Près de 600 personnes au meeting contre les violences policières, le racisme et l’islamophobie. Une première ce jeudi soir à l’université Paris 1-Tolbiac. Après les matraques du printemps qui se sont abattues sur les manifestants mobilisés contre la loi Travail, la mort d’Adama qui s’ajoute à une longue liste de décès dans les mains des gendarmes, l’escalade dans la criminalisation des luttes syndicales comme dans le racisme d’Etat, la répression permanente, l’humiliation et la stigmatisation quotidiennes dont souffrent les populations des quartiers populaires, ce meeting constitue une première réponse unitaire, de secteurs qui habituellement ne se mobilisent pas ensemble, en particulier du fait de la politique des directions syndicales, face à la répression. A la tribune Assa Traoré, Amal Bentounsi, Guillaume Vadot, Sihame Assbague, la CGT infoCom et le Collectif Liberté pour Abdoulaye, étaient présents pour constituer ce premier front. Dans l’amphi, étudiants, jeunes et moins jeunes des quartiers populaires, cheminots, professeurs, salariés et militants, étaient présents en nombre, bien déterminés à "Faire Front" contre les violences policières et le racisme d’Etat.
Correspondants
Il est 18h30. L’amphithéâtre I de l’université Paris 1-Tolbiac commence à gronder. L’effervescence est palpable, les étudiants nombreux sont prêts à dégainer les slogans chantés pendant la mobilisation contre la loi Travail pour riposter à répression policière. « Ca va péter, ça va péter » scandent-ils. La tribune est presque au complet lorsqu’un frisson envahit soudainement la salle. Assa Traoré, sœur d’Adama tué par les gendarmes, a pris place à la tribune. Les applaudissements fusent, l’ambiance est électrique, car le symbole est énorme dans cette université que les gouvernements successifs n’ont eu de cesse de rendre plus sélective, plus repliée sur elle-même. A l’entrée, les T-shirt Adama se vendent comme des petits pains tandis que sont distribués les tracts pour préparer la principale échéance à venir contre la répression, à Amiens les 19 et 20 octobre en soutien aux Goodyear.
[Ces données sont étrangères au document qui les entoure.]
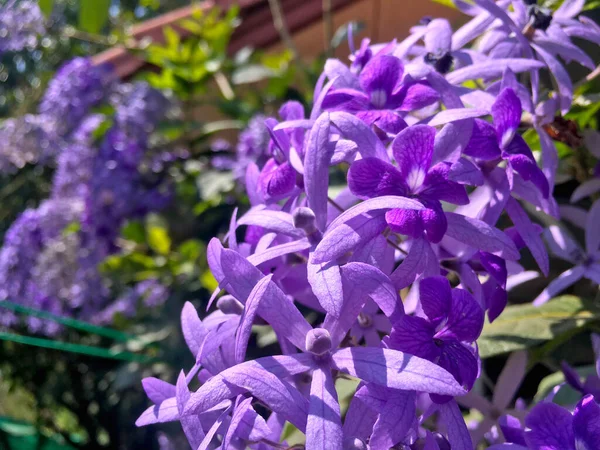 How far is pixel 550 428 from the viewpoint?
410 mm

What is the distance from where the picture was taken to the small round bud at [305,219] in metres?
0.45

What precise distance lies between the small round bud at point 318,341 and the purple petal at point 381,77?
0.20 meters

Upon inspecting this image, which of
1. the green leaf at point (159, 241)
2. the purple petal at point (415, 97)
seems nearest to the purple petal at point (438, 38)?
the purple petal at point (415, 97)

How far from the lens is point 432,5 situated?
2.50m

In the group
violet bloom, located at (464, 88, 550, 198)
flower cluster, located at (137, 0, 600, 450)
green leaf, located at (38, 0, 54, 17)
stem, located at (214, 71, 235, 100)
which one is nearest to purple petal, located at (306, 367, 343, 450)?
flower cluster, located at (137, 0, 600, 450)

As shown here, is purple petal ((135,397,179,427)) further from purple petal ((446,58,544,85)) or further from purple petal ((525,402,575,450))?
purple petal ((446,58,544,85))

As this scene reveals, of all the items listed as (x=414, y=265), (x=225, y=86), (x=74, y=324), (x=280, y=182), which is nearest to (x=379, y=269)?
(x=414, y=265)

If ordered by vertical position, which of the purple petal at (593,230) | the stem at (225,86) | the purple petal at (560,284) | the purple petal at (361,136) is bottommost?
the stem at (225,86)

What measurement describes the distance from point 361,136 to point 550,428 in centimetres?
22

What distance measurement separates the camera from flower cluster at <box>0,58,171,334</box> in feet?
5.83

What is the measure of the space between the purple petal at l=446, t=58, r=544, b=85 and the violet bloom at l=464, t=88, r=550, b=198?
8 cm

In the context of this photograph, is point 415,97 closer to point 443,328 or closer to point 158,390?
point 443,328

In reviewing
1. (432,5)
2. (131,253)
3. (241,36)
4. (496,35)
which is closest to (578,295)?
(496,35)

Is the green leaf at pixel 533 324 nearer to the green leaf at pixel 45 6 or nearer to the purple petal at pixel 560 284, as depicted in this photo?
the purple petal at pixel 560 284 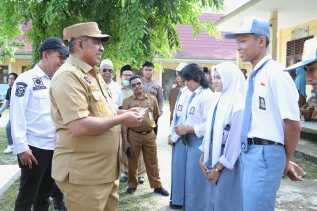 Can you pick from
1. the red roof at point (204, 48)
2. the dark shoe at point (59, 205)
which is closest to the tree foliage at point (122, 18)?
the dark shoe at point (59, 205)

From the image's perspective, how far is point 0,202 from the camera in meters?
5.65

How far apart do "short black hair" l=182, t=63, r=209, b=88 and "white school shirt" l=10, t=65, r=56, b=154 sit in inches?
64.6

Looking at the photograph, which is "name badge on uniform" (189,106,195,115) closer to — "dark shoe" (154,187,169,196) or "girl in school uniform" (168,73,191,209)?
"girl in school uniform" (168,73,191,209)

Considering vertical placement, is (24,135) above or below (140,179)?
above

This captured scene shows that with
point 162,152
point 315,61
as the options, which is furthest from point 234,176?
point 162,152

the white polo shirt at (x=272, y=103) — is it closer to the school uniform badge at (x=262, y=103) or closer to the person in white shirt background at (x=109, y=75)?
the school uniform badge at (x=262, y=103)

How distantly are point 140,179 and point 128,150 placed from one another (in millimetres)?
791

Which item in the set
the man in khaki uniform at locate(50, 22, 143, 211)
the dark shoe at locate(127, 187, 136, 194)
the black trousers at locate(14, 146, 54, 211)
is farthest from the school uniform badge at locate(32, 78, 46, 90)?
the dark shoe at locate(127, 187, 136, 194)

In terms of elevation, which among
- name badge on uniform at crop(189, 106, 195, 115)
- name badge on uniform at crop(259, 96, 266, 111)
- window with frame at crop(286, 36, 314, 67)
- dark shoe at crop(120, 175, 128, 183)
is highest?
window with frame at crop(286, 36, 314, 67)

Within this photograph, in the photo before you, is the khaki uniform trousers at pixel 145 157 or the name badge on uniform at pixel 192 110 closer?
the name badge on uniform at pixel 192 110

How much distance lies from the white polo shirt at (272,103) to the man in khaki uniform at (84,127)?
88 cm

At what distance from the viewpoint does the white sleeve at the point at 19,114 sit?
404cm

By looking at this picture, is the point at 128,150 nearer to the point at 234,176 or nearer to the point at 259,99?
the point at 234,176

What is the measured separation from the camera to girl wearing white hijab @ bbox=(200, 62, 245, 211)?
378 cm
Violences policières, racisme et islamophobie, répression, à la même tribune
19h. Les escaliers de l’amphi I étaient noirs de monde et comme souvent à l’université, les places assises ont manqué. A la tribune, aux côtés de figures des luttes contre les violences policières, Assa Traoré et Amal Bentounsi, se trouve Sihame Assbague militante de l’antiracisme politique et organisatrice du camp décolonial. A leur droite est présent Guillaume Vadot, doctorant, victime de violences policières après avoir filmé l’interpellation brutale d’une femme noire. Connu notamment après la polémique visant des affiches de dénonciation des violences policières, Romain Altmann représente, lui, la CGT Info Com. A sa droite se tient Abdoul du Collectif Liberté pour Abdoulaye, étudiant guinéen de l’université Paris 1 menacé d’expulsion. Pour compléter la tribune et animer les débats, Thabitha, étudiante en Sciences Sociales, représente le comité de mobilisation des étudiants de Paris 1.
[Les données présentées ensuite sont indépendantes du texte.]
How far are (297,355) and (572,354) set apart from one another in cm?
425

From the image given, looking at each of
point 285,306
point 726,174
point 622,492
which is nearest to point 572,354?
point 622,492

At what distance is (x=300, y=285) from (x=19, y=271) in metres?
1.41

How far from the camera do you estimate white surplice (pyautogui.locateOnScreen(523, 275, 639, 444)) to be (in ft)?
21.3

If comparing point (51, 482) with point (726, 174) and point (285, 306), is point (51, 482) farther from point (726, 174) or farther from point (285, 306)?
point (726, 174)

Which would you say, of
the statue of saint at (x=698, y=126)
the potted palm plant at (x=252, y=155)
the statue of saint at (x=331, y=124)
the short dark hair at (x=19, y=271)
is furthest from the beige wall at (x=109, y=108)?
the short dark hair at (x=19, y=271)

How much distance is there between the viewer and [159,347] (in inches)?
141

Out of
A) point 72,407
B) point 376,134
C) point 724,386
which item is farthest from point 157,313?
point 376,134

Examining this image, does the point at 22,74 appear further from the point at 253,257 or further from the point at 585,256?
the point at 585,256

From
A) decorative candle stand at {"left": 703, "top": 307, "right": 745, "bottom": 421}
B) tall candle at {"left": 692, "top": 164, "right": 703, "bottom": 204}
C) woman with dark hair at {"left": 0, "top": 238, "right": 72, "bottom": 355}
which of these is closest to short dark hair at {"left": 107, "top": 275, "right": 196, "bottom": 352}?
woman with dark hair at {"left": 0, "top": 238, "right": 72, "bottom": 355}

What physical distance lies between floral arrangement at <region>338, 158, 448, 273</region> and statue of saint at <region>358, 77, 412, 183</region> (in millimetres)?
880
Thabitha. « Pourquoi un meeting à l’Université Paris 1 ? »
Pourquoi ce meeting à l’université Paris 1 ? C’est à cette question que Thabitha, mobilisée contre la loi travail répond dans son intervention. Partant des limites de la mobilisation contre la loi Travail qui, par ses objectifs et ses méthodes, ne s’est pas étendue aux secteurs opprimés, précaires, ciblés par le racisme, elle constate que le meurtre d’Adama pourrait bien « briser les murs » que le gouvernement cherche à nous « imposer ». L’offensive autour du burkini vise à « diviser notre camp » et impose une réponse collective, affirme-t-elle. Les acteurs des luttes réunis aujourd’hui autour « d’une même tribune » constituent un premier pas pour construire un front pour lutter pour « nos droits démocratiques les plus élémentaires ». Ce meeting à l’université Paris 1 doit être « un premier pas en ce sens », conclue-t-elle.
Amal Bentounsi. « La peine de mort est abolie, pas la mise à mort »
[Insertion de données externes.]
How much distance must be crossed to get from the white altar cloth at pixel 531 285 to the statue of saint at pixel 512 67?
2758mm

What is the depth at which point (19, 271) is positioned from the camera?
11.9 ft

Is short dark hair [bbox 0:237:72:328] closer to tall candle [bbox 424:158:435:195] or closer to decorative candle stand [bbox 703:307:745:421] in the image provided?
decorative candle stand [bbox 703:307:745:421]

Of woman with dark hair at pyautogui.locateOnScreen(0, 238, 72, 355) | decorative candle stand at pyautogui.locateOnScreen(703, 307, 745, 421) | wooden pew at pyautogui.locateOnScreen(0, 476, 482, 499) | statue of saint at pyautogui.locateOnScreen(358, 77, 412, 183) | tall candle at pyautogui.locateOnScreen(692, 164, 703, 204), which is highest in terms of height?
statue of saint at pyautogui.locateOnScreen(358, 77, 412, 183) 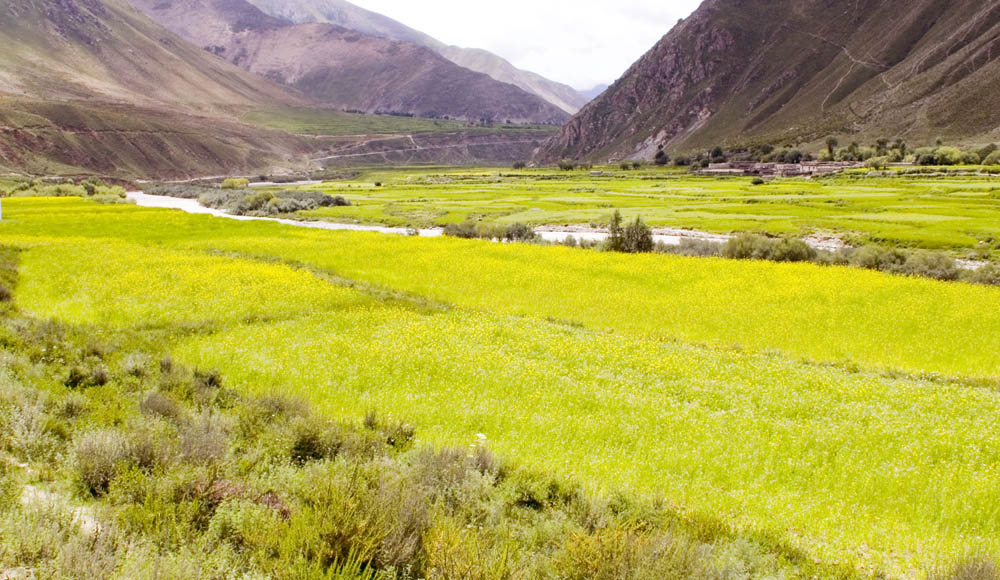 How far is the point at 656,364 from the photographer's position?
15211mm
« Il est important que la jeunesse soit préoccupée par les crimes policiers », c’est par ces mots qu’Amal Bentounsi, sœur d’Amine tué d’une balle dans le dos par la police, débute son intervention. Elle insiste sur le fait que la « violence d’Etat » est liée à un « racisme structurel ». Ce qui est arrivé à son frère, c’est « l’histoire de beaucoup de jeunes, qu’on a parqués dans des ghettos » puis qu’on a « tué socialement », « par l’humiliation », la « stigmatisation », jusqu’à les « tuer physiquement ». L’émotion est palpable. Après un temps de pause pour reprendre son souffle, elle ajoute que bien que la « peine de mort est abolie », la « mise à mort » ne l’est pas. C’est un combat de longue haleine pour « obtenir justice », ou « au moins la vérité » face à la « culture de l’impunité policière ». Un tonnerre d’applaudissements clôture son intervention.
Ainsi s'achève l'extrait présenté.